At 13:04 UTC, Opsgenie customers experienced HTTP 5XX status errors as the services attempted to recover by scaling up based on preconfigured scaling policies. At 13:05 UTC, our automated monitoring systems paged our engineering and SRE teams who were online within 4 minutes at 13:09 UTC. The incident response team identified the root cause via a review of metrics and logs and identified several countermeasures within minutes.

At 13:15 UTC, network-level services were scaled up to better handle the traffic volume. Scaling up network-level services resulted in the increased rate-limiting of requests from upstream services and some services also experienced resource starvation as a result of the increase in traffic volume, causing some instances to enter an unhealthy state.

Our services are designed to handle large bursts of traffic. These bursts are often a result of our customers experiencing incidents that result in large volumes of alert notifications reaching the Opsgenie APIs. To prevent against unknown failure modes, our systems are designed to prevent scaling beyond pre-configured and tested limits. Because of this reason, our auto-scaling policies were unable to gracefully manage the unusual increase in traffic volume. Between 13:23 and 13:55 UTC, our incident response team scaled up the impacted services to meet the traffic demand. As new instances started to receive traffic, with the reduced load per instance and as unhealthy instances were evicted, Opsgenie services return back to a healthy state.

At 13:59 UTC, the failure rate dropped to 1% and by 14:10 UTC errors were mitigated completely. As a precaution, additional firewall rules were implemented at 15:04 UTC to prevent a recurrence.

REMEDIAL ACTIONS PLAN & NEXT STEPS

We have already initiated a thorough post-incident review process and compiled our corrective actions to prevent future incidents of this kind.

  • We will be introducing auto-scale to upstream services above the existing pre-provisioned capacity to prevent future incidents resulting from resource starvation.
  • We will enhance our monitoring to reduce the detection and response time even further.
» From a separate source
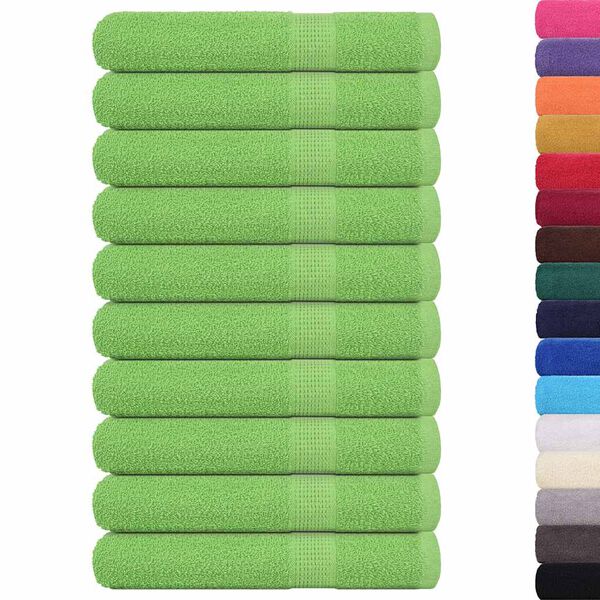 vidaXL Towels 10 pcs "FROGN" Apple Green 100x200 cm 100% Cotton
We know that outages impact your productivity. We are taking immediate steps to improve the platform’s performance and availability.

Thanks,

Atlassian Customer Support

Posted Feb 11, 2021 - 12:28 UTC

Resolved
This issue has been resolved and all the services are operating normally. The problem is mitigated at 14:10 UTC. We will provide detailed impact analysis.
Posted Feb 04, 2021 - 15:28 UTC
Monitoring
The issue has been resolved and we are closely monitoring the services.
Posted Feb 04, 2021 - 14:33 UTC
Identified
The problem is related to a customer sending a massive amount of traffic and causing degraded performance.
We have rate-limited the customer requests and observing recovery at the moment.
Posted Feb 04, 2021 - 14:18 UTC
Investigating
We are investigating the increased error rates and we'll be providing more updates shortly.
Posted Feb 04, 2021 - 13:41 UTC
This incident affected: EU (Incident REST API, Alert REST API, Heartbeat REST API) and US (Incident REST API, Alert REST API, Heartbeat REST API).